Dos horas después, y una vez acabada la reunión con Iglesias y el abogado, quien por cierto nos recriminó no haberle avisado antes de la publicación de la entrevista, abrí la carta con la tranquilidad y confidencialidad de una redacción prácticamente despoblada.
Señora Bucana,
Soy Pascal Renaux. Le pidió a mi compañero de celda que le escribiese personalmente. Aquí me tiene.
Sólo le quiero decir dos cosas. Una: voy a querellarme contra usted porque lo que hizo en el hospital fue un atentando contra mi intimidad.
Un periodista también está sometido a unas normas. Lo otro que le querría decir es que no tengo ningún interés en saber nada más de usted. Por mí como si se muere en este mismo instante. Me es usted indiferente y me provoca una profunda repulsión. Me ha tratado como un objeto barato sin preocuparse en saber quién soy yo, qué hago aquí en Barcelona y qué es lo que estaba apunto de hacer cuando me detuvieron. —Matar a otra prostituta, cabrón, esto es lo que estabas a punto de hacer, pensé—. ¿Quiere que le diga que soy el autor de las violaciones?
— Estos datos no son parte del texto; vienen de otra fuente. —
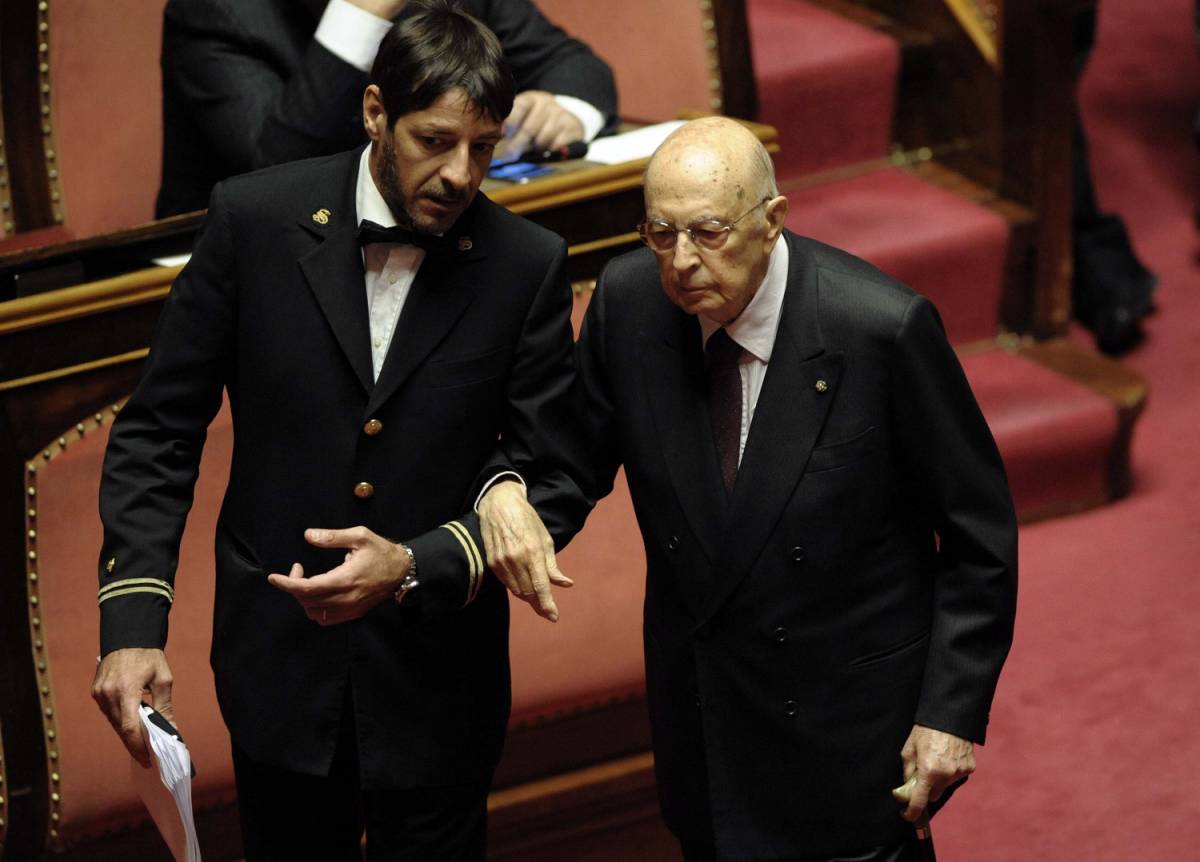Lo "show" di Napolitano durante il voto al Senato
Pues no lo voy a hacer. ¿Quiere que le diga qué pienso de todo eso? Pues que esas putas se lo merecían. Pero yo no las maté. Y si lo hice, no lo recuerdo porque en realidad estoy en Barcelona en una misión para el gran Dios, un trabajo de unas dimensiones que no podría ni llegar a intuir. Pero a usted todo esto le da igual. Lo único que quería era carnaza, morbo, sangre y la exclusiva fuera como fuera. Pues se ha quedado usted sólo con la piel del plátano.
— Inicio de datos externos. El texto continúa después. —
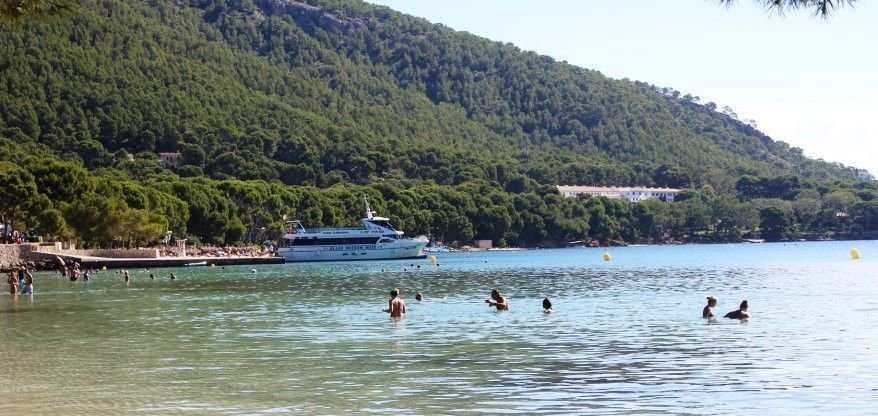 la playa de formentor y el barco en el fondo con el hotel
Nos veremos en el juzgado.
Pascal Renaux
Localicé a Guix de inmediato y a la una me recibió en su consulta particular.
—Es un lunático, Patricia, un loco. —Me chocó que Guix usara el término «loco». No es propio de un psiquiatra, pensé. Me pareció inadecuado, pero entendí que se trataba de una reunión oficiosa, no con el psiquiatra sino con el amigo—. Es un loco, un perturbado que está fabulando para crear a su alrededor un aura de seducción hacia ti. Quiere tentarte y para ello mentirá y utilizará todas las armas a su alcance. No te dejes engañar. ¿Una misión? Su única misión no era otra que la de saciar su ansiedad de sangre y dar rienda suelta a su psicopatía. No le hagas ni caso, Patricia. Mi consejo es que le dejes en paz porque, entre otras cosas, a ti como periodista no te va a aportar nada. Créeme. Pasa página y no pierdas el tiempo con esta escoria. Cuando te vuelva a escribir, que lo hará tan pronto como vea que tú no lo haces, le vuelves a ignorar.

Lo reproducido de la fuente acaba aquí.